Y is equal to a cos 3x + b sin 3x then find d squarey upon DX square​

Answer 1

d²y/dx² = - 9y

Step-by-step explanation :

Given, y = a cos3x + b sin3x ..... (1)

Now differentiating both sides of (1) no. equation with respext to x, we get

dy/dx = - 3a sin3x + 3b cos3x ..... (2)

Again differentiating both sides of (2) no. equation with respect to x, we have

d²y/dx^2 = - 9a cos3x - 9b sin3x

= - 9 (a cos3x + b sin3x)

= - 9y, by (1)

Therefore, d²y/dx² = - 9y

Related question :

if ax^2+2hxy+by^2=1 then (d^2y)/(dx^2)=(h^2-ab)/(hx+by)^3 - https://brainly.in/question/15904397

Answer 2

$\mathbf{\frac{\mathrm{d^{2}}Y }{\mathrm{d} x^{2}}=-9Y}$

Step-by-step explanation:

• We know that

        $\mathbf{\frac{\mathrm{d} \sin 3x }{\mathrm{d} x }=3\cos 3x }$

        and

        $\mathbf{\frac{\mathrm{d} \cos 3x }{\mathrm{d} x }=-3\sin 3x }$

• Here it is given that

        $\mathbf{Y=a\cos 3x+b\sin 3x}$      ...1)

• On differentiating above equation with respect to x, we get

        $\mathbf{\frac{\mathrm{d}Y }{\mathrm{d} x}=a\frac{\mathrm{d} \cos 3x}{\mathrm{d} x}+b\frac{\mathrm{d} \sin 3x}{\mathrm{d} x}}$

        So it be can written as

        $\mathbf{\frac{\mathrm{d}Y }{\mathrm{d} x}=a(-3\sin 3x)+b(3\cos 3x)}$

        $\mathbf{\frac{\mathrm{d}Y }{\mathrm{d} x}=-3a\sin 3x+3b\cos 3x}$       ...2)
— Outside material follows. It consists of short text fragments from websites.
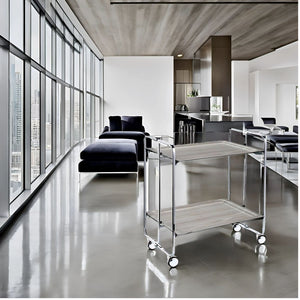 Carrello pieghevole da cucina BAUHAUS, 2 vassoi. Struttura cromata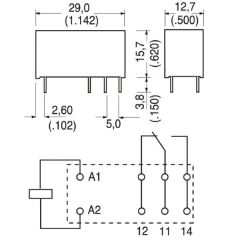 Schrack RT314012 12VDC 16A Pcb Röle 8 Pin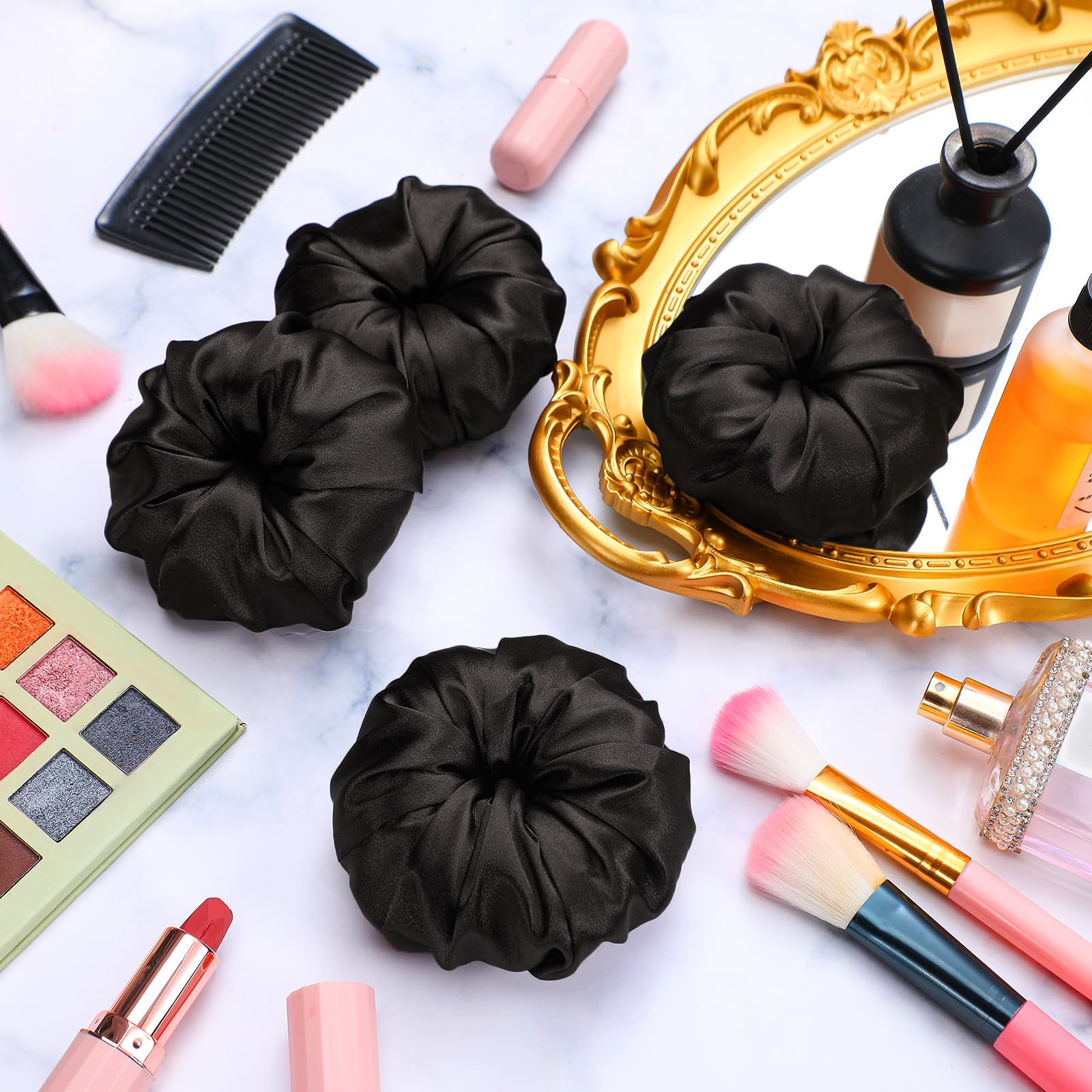 Yuxung 4 Pcs Satin Hair Bun Donut Satin Hair Bun Maker Dark Retain Moisture Easy to Style for Women Ladies Military Ballet and B
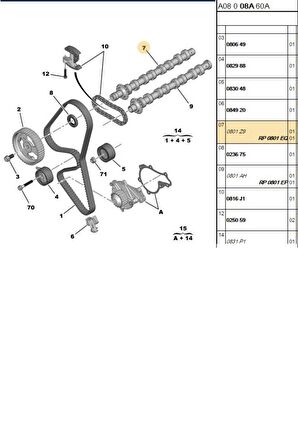 Eksantrik Mili Emme Döküm 206 207 307 Partner DW6 (14057D-0801EQ-0801Z9)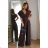 Women's Plus Size (42-46) Long Elegant Party Sleeveless Dress POLISH FASHION PMLBC23265-10 dark brown 34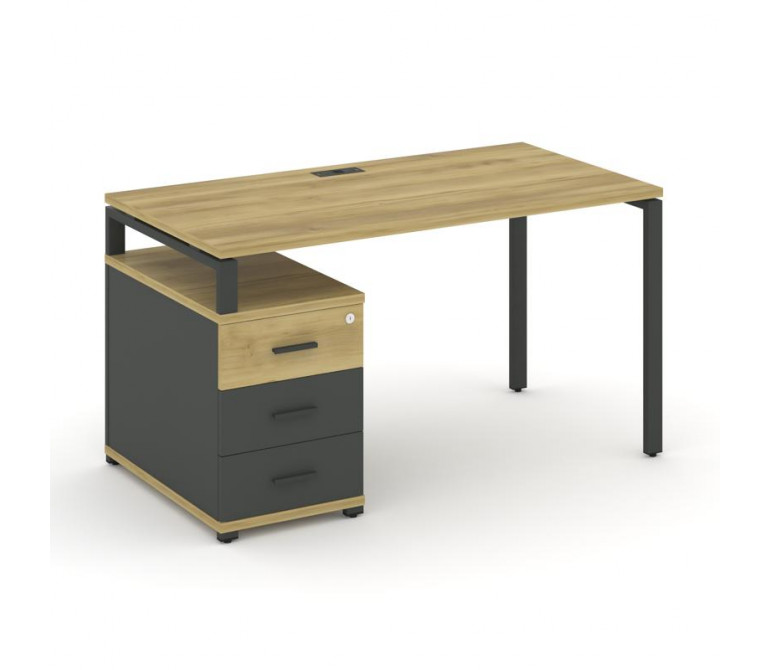 Концепт Стол письменный с 1 опорной тумбой CN.SP-302 A Дуб Винченцо/Антрацит NEW/Металл Антрацит 118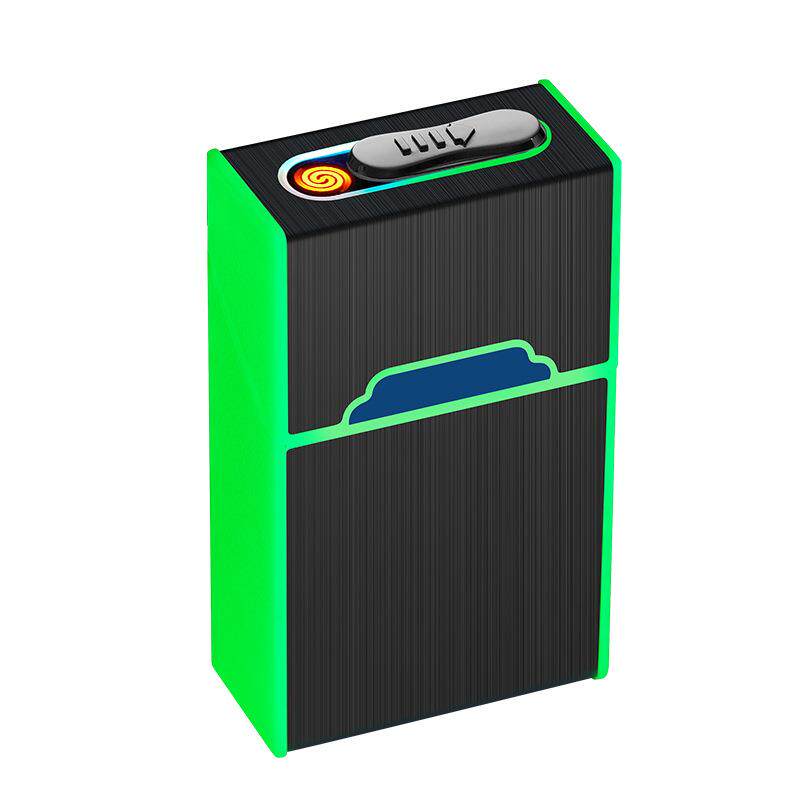 20只装光烟盒 金属防水烟盒带钨丝点烟器便携双用烟盒 厂家品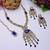 Blue yellow gold premium designer american diamond and stone work necklace set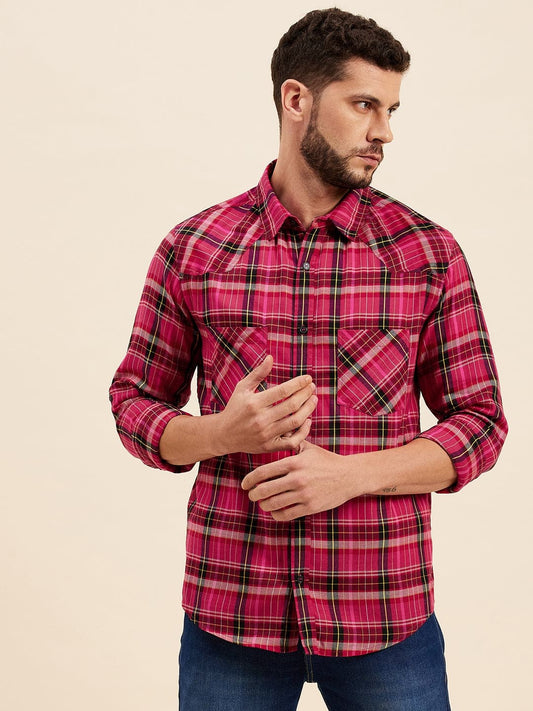 Men's Fuchsia Check Regular Shirt - LYUSH-MASCLN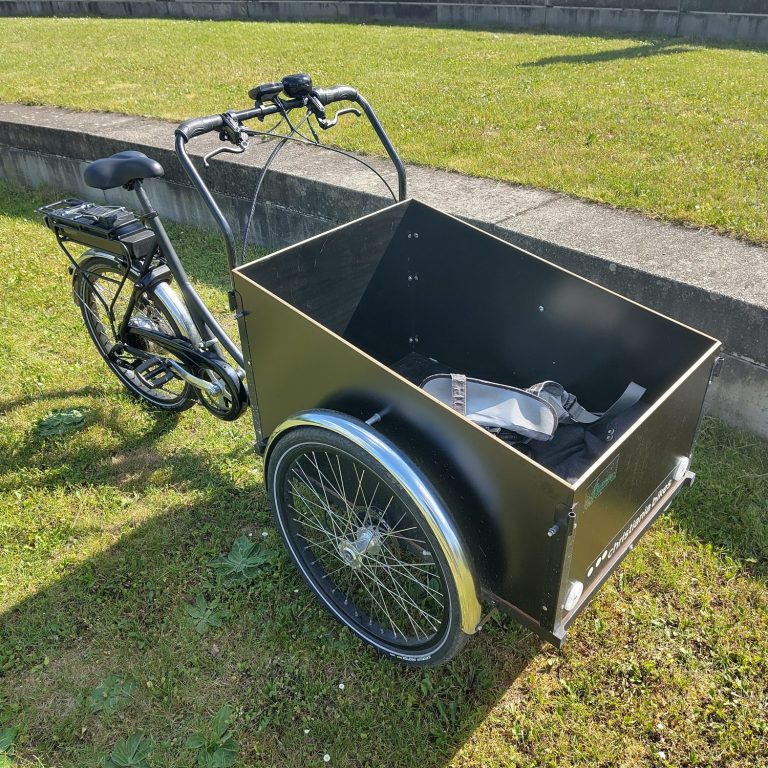 Foto von einem Lastenfahrrad auf Wiese vor einer Steinkante im Hintergrund.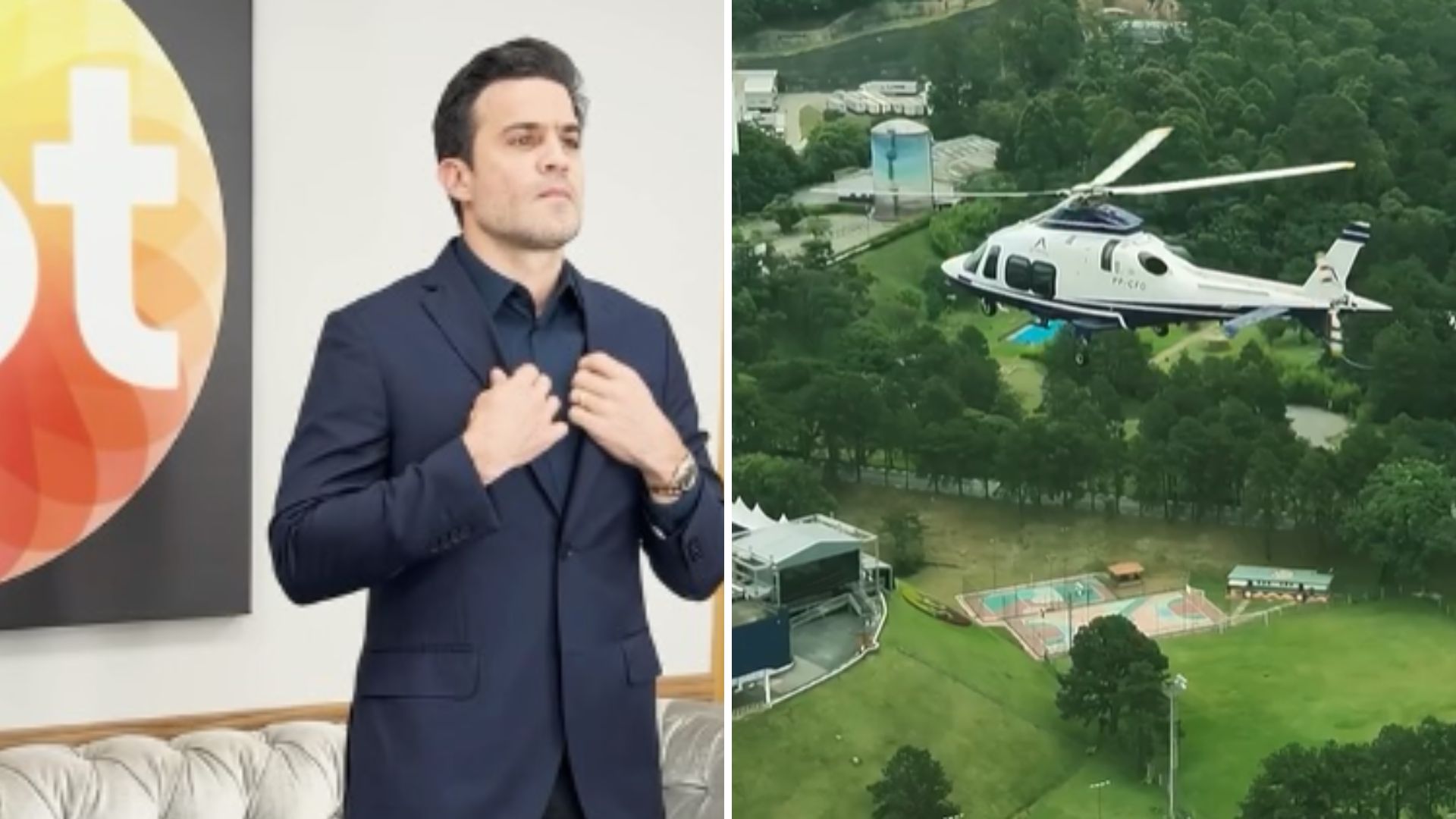 Contratado, Pablo Marçal chega no SBT de helicóptero: ‘Primeiro dia de CLT’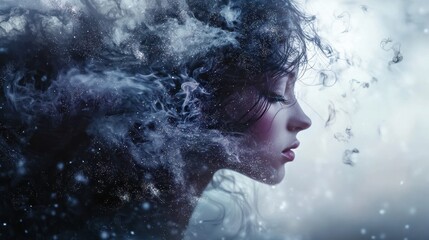 Fototapeta premium Serene Dreamscape: A Woman Emerging from a Mystical, Smoky Haze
• Again on differentiating above equation with respect to x, we get

        $\mathbf{\frac{\mathrm{d^{2}}Y }{\mathrm{d} x^{2}}=-3a\frac{\mathrm{d} \sin 3x}{\mathrm{d} x}+3b\frac{\mathrm{d} \cos 3x}{\mathrm{d} x}}$

        $\mathbf{\frac{\mathrm{d^{2}}Y }{\mathrm{d} x^{2}}=-3a(3\cos 3x)+3b(-3\sin 3x)}$

        $\mathbf{\frac{\mathrm{d^{2}}Y }{\mathrm{d} x^{2}}=-9a\cos 3x-9b\sin 3x}$

        $\mathbf{\frac{\mathrm{d^{2}}Y }{\mathrm{d} x^{2}}=-9(a\cos 3x+b\sin 3x)}$     ...3)

• From equation 1) and equation 3), we can write above equation

        $\mathbf{\frac{\mathrm{d^{2}}Y }{\mathrm{d} x^{2}}=-9Y}$